▶ Input material:

*** Block opens ***

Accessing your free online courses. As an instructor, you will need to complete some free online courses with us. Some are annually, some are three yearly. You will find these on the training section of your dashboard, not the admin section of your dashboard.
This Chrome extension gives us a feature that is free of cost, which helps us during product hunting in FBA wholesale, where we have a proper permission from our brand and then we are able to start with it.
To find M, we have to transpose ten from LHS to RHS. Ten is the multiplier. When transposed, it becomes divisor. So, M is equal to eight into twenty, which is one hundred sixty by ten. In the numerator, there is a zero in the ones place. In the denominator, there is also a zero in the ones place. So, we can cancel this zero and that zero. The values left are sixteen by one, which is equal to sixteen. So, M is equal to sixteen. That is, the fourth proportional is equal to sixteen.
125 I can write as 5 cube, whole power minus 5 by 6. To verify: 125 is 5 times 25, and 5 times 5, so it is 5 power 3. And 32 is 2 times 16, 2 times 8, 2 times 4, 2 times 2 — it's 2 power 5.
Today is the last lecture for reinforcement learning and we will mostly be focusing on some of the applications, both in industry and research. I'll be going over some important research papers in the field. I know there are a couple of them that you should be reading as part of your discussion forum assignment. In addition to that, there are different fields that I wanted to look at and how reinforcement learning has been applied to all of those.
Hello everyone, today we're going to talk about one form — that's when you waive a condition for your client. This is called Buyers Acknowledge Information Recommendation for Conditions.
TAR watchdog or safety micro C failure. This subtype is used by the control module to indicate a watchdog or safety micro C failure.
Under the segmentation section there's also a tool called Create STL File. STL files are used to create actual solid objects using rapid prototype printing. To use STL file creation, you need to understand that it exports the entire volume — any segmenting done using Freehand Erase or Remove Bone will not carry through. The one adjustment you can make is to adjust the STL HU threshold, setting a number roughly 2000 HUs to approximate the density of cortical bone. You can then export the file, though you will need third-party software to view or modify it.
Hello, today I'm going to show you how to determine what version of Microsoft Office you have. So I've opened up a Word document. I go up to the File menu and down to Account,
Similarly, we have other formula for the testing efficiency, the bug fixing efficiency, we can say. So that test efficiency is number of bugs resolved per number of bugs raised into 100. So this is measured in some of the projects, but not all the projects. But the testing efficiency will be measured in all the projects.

*** Block closes ***
*** Block opens ***

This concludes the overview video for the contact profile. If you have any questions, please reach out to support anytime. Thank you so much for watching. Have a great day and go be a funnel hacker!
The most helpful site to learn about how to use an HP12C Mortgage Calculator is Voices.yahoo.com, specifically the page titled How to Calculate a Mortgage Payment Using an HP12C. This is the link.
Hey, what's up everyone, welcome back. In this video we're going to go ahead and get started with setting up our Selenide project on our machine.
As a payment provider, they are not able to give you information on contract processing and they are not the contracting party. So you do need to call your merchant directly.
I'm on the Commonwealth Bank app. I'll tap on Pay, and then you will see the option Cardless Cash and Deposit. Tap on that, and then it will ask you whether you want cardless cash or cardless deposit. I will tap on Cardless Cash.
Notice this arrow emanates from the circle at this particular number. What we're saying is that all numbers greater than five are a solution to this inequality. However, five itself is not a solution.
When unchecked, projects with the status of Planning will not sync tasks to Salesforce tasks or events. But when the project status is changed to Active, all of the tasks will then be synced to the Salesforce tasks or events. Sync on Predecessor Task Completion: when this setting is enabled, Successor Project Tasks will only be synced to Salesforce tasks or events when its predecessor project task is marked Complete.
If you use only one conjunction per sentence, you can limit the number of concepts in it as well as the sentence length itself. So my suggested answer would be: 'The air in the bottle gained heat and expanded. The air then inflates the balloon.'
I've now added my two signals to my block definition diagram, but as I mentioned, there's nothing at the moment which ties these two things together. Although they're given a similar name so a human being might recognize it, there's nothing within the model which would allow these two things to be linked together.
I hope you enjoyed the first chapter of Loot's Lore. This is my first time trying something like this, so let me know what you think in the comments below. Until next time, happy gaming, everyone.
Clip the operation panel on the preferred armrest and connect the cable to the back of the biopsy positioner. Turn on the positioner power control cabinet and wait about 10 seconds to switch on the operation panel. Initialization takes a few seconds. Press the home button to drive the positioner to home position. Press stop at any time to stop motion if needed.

*** Block closes ***
*** Block opens ***

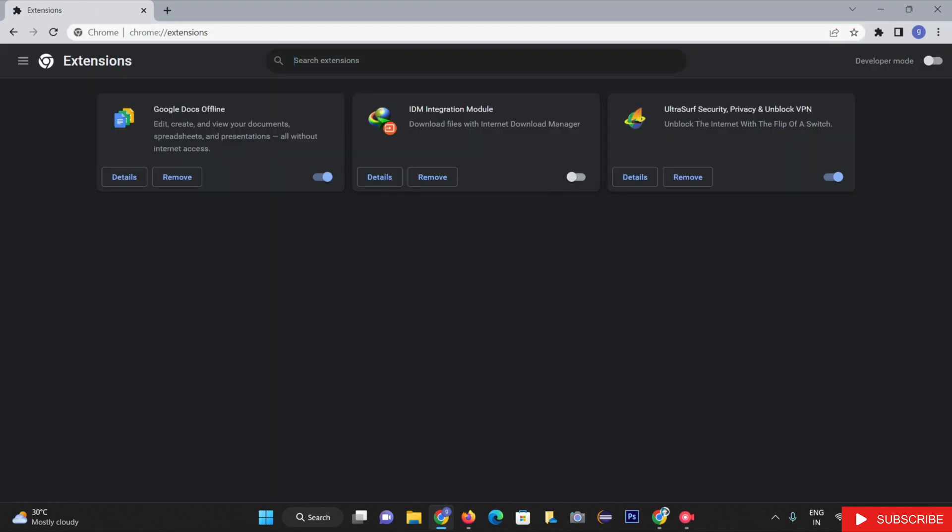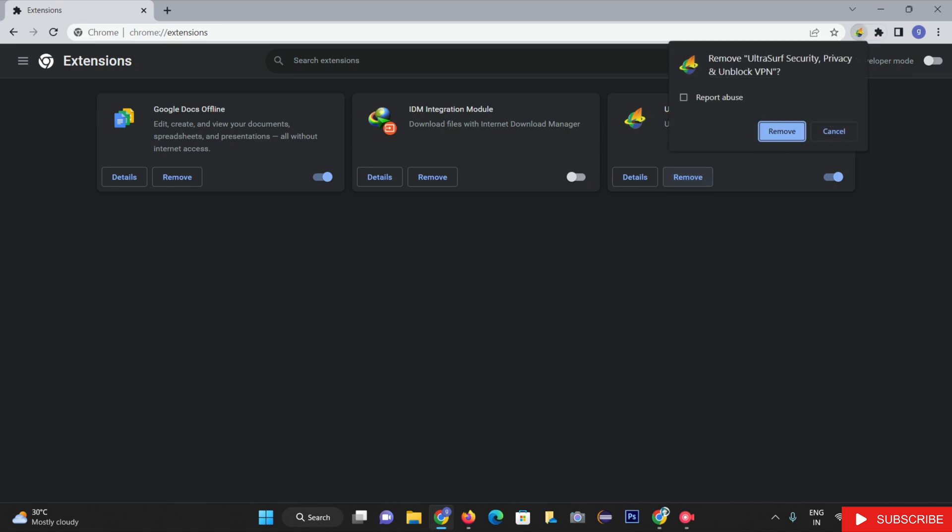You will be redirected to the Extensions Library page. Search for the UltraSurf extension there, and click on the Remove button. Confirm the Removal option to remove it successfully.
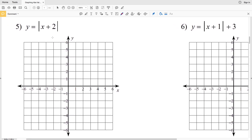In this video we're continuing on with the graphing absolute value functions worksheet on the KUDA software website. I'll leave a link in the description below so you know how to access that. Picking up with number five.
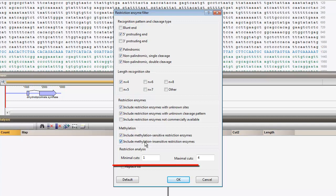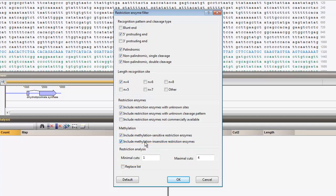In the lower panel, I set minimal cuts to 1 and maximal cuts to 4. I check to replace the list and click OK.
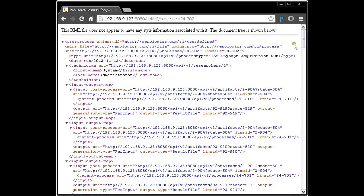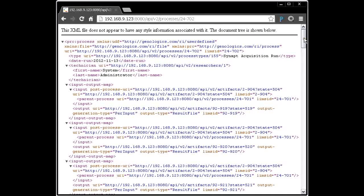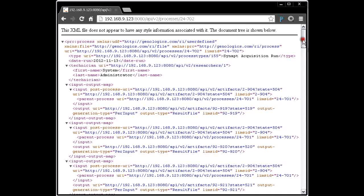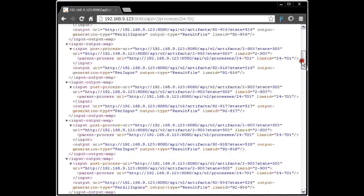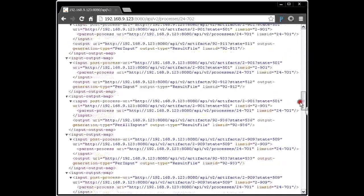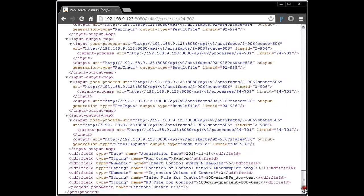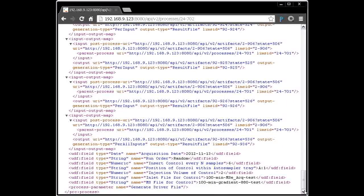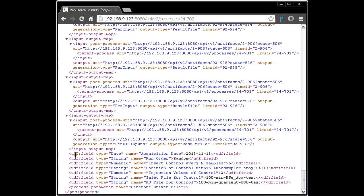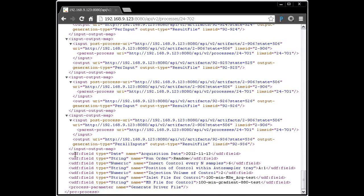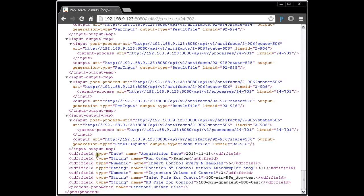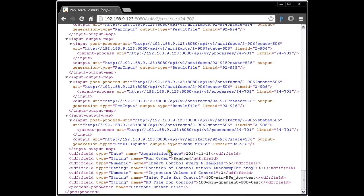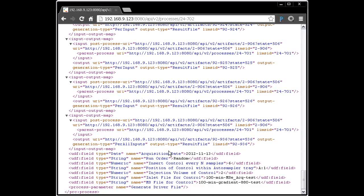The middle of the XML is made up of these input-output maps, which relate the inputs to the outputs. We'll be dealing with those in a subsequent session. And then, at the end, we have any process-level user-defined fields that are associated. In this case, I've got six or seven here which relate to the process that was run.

*** Block closes ***

▶ What is required: Given the listing above, retype only the span of lines from the line with "In this video we're continuing" up to and including the line with "In the lower", exactly as it stands and without pictures.

▶ Output of the task:
In this video we're continuing on with the graphing absolute value functions worksheet on the KUDA software website. I'll leave a link in the description below so you know how to access that. Picking up with number five.
In the lower panel, I set minimal cuts to 1 and maximal cuts to 4. I check to replace the list and click OK.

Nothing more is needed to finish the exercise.